(Excerpted data begins)
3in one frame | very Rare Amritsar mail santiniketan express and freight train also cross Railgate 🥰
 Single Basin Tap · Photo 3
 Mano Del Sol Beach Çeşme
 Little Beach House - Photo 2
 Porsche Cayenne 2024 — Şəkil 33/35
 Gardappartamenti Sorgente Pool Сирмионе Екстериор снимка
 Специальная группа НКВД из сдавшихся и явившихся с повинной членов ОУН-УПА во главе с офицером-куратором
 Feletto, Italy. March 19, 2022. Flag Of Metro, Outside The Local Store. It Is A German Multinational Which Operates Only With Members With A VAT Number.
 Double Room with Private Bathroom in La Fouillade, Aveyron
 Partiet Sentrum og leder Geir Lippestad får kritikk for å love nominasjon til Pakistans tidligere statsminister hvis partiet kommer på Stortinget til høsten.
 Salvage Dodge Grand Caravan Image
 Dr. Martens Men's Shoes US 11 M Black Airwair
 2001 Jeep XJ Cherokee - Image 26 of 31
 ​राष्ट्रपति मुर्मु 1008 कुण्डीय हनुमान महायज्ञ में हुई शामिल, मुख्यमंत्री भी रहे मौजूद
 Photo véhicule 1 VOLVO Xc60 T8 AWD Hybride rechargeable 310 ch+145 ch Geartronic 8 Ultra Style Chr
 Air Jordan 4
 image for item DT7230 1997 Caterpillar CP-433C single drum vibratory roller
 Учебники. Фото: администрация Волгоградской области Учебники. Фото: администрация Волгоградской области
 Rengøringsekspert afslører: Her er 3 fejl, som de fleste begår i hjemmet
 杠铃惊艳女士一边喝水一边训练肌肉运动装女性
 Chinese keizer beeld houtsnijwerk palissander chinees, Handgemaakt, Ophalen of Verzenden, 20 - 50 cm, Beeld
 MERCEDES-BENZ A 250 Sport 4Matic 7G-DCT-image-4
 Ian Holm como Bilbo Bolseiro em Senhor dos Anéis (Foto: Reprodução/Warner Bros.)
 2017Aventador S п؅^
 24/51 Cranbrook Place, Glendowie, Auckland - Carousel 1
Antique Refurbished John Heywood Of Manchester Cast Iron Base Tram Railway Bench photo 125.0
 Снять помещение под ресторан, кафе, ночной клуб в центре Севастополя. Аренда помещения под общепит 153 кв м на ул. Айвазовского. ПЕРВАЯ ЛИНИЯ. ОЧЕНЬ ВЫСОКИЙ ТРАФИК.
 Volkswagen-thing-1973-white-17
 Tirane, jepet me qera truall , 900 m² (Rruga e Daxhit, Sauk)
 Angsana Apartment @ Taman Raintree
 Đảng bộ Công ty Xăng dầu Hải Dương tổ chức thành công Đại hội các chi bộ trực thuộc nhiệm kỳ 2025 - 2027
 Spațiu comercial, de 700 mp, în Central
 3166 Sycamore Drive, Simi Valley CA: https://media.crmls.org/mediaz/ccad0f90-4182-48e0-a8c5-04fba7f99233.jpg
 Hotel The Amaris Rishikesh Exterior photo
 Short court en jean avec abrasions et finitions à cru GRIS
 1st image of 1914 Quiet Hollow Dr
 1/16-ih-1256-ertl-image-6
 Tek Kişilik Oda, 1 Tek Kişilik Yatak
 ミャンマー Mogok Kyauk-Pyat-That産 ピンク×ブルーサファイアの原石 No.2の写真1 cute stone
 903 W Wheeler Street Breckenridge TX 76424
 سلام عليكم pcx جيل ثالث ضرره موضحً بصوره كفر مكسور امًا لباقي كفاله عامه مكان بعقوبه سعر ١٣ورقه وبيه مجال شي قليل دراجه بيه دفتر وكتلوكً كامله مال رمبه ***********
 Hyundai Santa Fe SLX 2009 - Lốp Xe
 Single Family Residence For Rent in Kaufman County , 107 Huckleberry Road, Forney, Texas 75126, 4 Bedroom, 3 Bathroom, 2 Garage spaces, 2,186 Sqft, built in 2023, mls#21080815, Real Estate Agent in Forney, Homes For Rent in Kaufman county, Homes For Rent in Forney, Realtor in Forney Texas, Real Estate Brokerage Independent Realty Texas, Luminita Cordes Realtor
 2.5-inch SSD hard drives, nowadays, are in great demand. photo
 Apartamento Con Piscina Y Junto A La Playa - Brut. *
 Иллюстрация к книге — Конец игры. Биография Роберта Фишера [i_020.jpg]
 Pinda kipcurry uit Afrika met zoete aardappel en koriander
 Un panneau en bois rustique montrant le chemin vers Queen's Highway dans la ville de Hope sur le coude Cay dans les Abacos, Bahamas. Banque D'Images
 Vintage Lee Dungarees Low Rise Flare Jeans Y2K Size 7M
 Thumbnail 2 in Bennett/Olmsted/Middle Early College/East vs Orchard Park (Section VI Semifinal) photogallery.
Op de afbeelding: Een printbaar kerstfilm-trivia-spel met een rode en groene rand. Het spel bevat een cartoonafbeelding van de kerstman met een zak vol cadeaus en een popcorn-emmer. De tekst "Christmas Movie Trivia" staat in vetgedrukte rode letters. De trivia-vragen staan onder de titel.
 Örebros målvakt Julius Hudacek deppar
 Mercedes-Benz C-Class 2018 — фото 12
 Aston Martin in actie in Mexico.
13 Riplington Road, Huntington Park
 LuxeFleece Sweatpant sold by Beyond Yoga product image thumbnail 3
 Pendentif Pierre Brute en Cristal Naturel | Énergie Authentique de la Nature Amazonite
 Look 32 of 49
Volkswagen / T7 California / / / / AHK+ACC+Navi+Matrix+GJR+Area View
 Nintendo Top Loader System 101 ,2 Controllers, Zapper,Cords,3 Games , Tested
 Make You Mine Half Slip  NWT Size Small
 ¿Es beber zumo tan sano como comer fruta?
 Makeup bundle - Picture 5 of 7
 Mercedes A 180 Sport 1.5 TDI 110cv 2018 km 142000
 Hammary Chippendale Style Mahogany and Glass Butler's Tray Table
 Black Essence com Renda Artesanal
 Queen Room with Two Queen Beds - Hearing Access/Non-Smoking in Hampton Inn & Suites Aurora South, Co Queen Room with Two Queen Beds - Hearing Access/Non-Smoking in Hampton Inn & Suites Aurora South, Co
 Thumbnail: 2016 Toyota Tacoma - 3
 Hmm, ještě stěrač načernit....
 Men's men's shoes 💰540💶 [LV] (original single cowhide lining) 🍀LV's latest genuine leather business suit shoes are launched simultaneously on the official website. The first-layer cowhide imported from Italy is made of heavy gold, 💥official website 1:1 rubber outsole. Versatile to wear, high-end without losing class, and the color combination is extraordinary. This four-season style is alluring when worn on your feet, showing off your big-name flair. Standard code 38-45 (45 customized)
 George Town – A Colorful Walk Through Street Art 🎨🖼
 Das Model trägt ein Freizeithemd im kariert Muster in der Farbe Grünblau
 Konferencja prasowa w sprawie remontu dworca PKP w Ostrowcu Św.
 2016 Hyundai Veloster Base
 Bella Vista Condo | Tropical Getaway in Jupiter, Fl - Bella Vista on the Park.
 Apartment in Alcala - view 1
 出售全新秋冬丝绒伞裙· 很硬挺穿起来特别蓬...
(Excerpted data ends)
Exercise details: In the records, which lines use the word "Hyundai"? Report them.

Answer for this exercise:
 Hyundai Santa Fe SLX 2009 - Lốp Xe
 2016 Hyundai Veloster Base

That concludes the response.